» Your goal: Exact reproduction is required for the lines below starting at the line with "Model Esteban Monbaliu" and ending at the line with "students sit and face teachers and screen", both included. No other lines, and no pictures.
*** Opening Source material ***
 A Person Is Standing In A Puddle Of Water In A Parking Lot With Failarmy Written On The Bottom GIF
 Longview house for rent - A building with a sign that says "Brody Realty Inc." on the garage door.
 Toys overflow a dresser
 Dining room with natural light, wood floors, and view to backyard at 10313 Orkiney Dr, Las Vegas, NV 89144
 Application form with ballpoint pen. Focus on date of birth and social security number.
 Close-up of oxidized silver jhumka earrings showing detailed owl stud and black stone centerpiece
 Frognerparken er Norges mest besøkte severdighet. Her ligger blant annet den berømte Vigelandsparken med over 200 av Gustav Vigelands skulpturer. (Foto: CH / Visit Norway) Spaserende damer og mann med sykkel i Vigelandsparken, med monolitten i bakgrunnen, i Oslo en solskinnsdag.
*** Closing Source material ***
*** Opening Source material ***
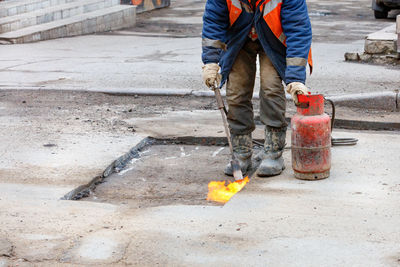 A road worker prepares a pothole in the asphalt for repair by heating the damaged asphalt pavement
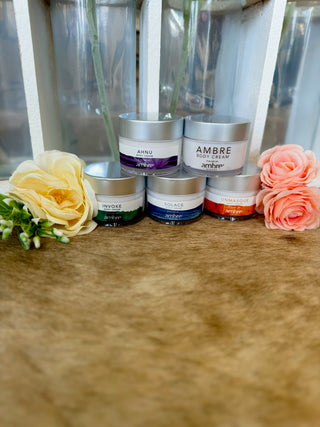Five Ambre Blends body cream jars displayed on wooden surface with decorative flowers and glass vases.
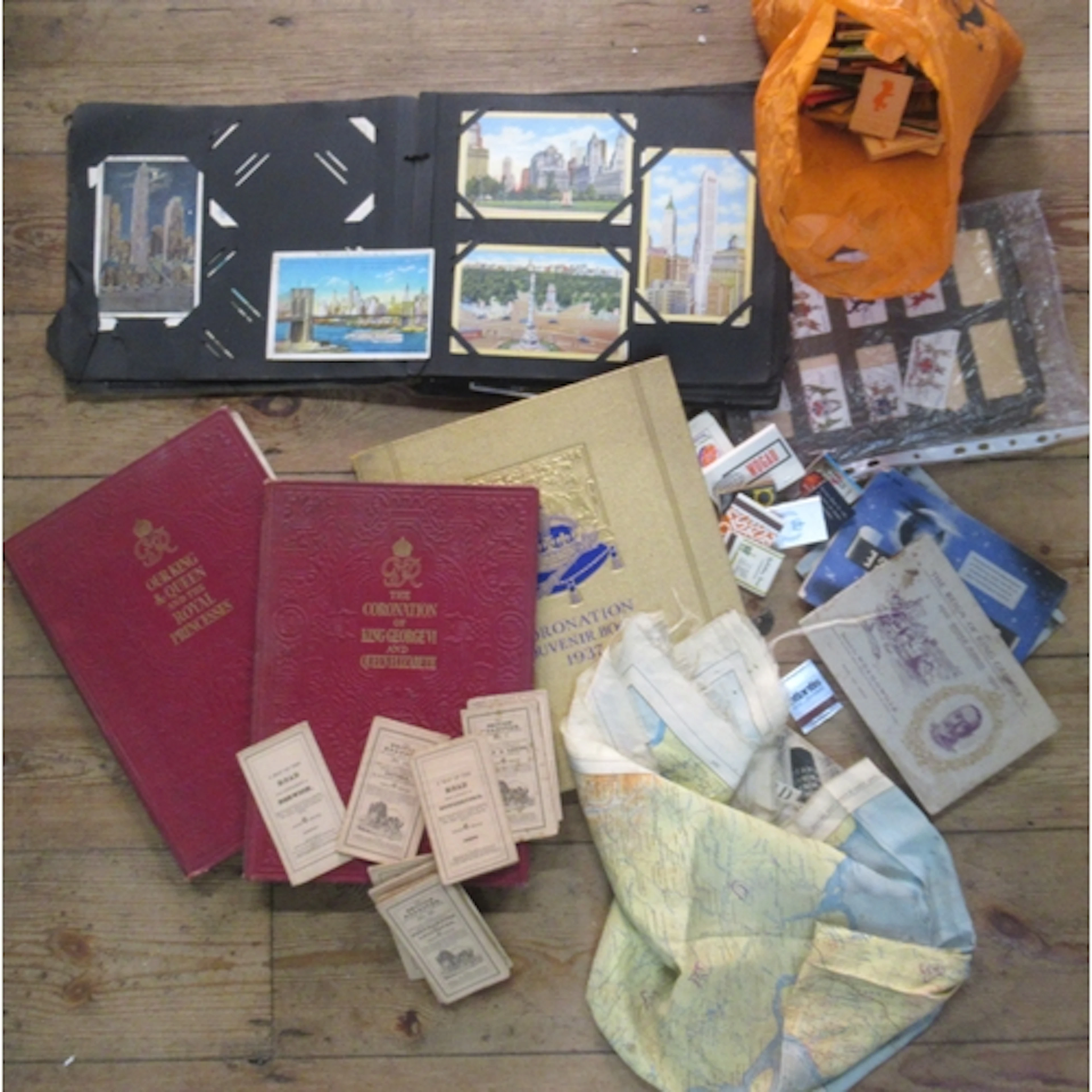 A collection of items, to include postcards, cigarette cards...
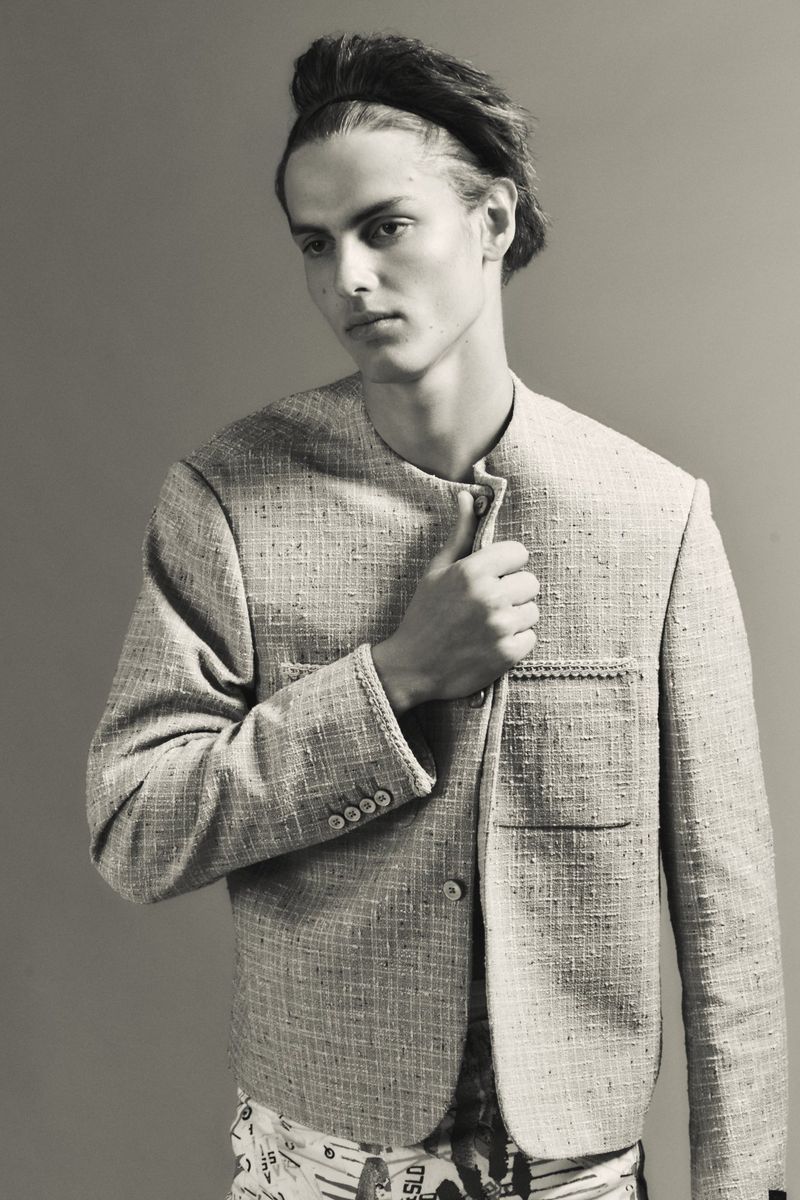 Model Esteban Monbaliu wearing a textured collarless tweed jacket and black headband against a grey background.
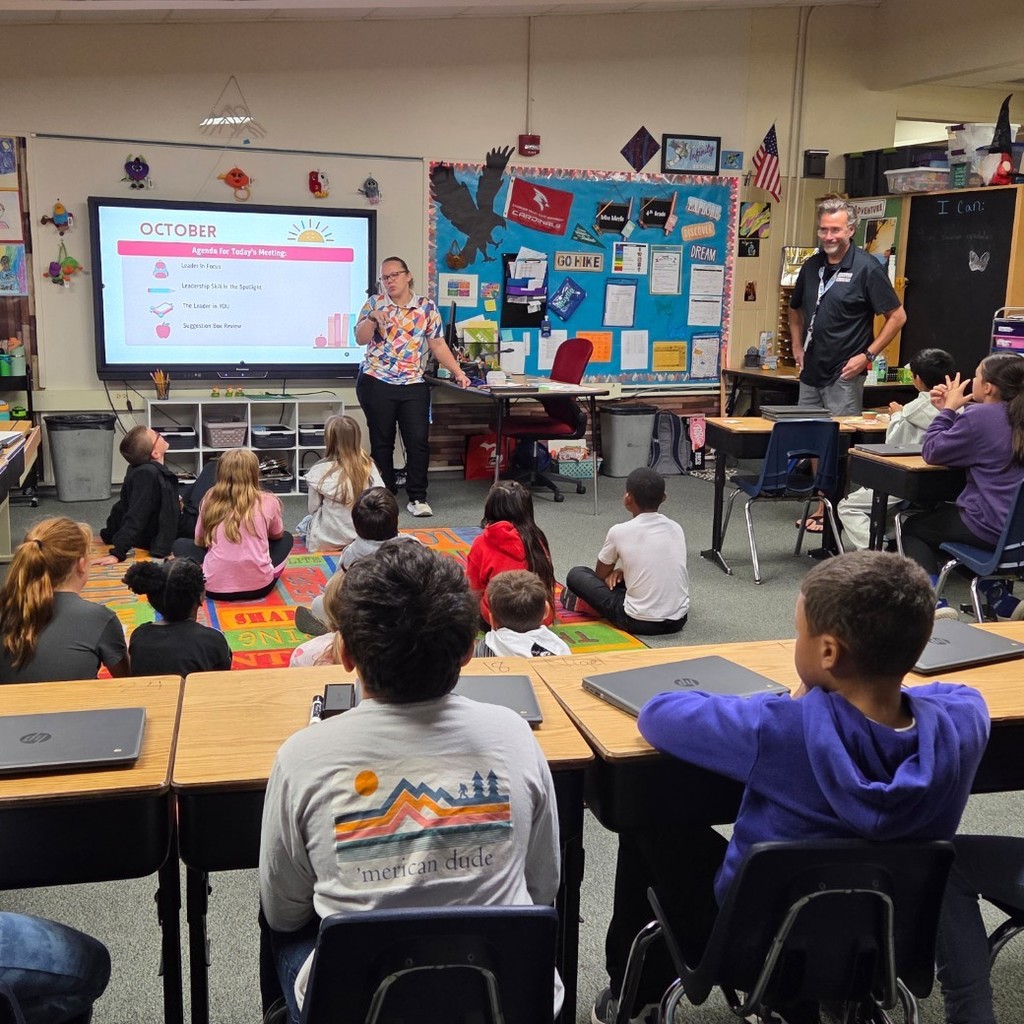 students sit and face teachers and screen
*** Closing Source material ***
» Response area:
 Model Esteban Monbaliu wearing a textured collarless tweed jacket and black headband against a grey background.
 students sit and face teachers and screen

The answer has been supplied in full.